Records excerpted from a collection:
+ + + + + + +
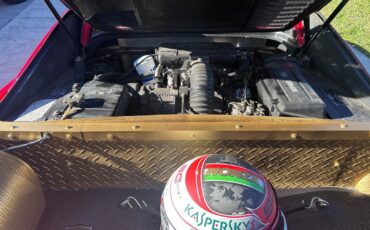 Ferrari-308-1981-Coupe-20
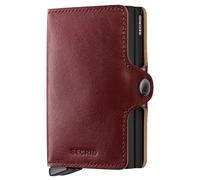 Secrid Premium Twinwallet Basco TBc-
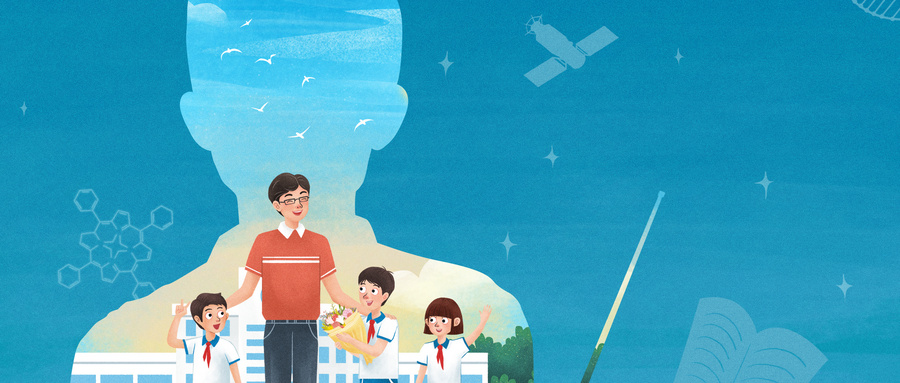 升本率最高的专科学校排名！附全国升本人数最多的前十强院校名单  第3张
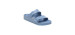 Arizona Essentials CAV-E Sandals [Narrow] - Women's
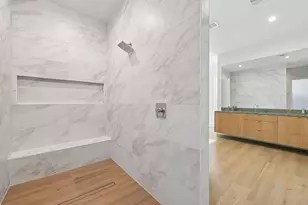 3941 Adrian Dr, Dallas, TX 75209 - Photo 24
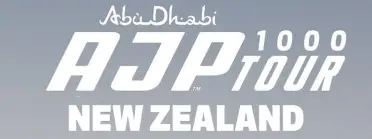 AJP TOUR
+ + + + + + +
§ Aim of the exercise:
Repeat word for word, leaving out the pictures, each line of the records from the line that holds "Secrid Premium Twinwallet" through the final one.

§ Task output:
 Secrid Premium Twinwallet Basco TBc-
 升本率最高的专科学校排名！附全国升本人数最多的前十强院校名单  第3张
 Arizona Essentials CAV-E Sandals [Narrow] - Women's
 3941 Adrian Dr, Dallas, TX 75209 - Photo 24
 AJP TOUR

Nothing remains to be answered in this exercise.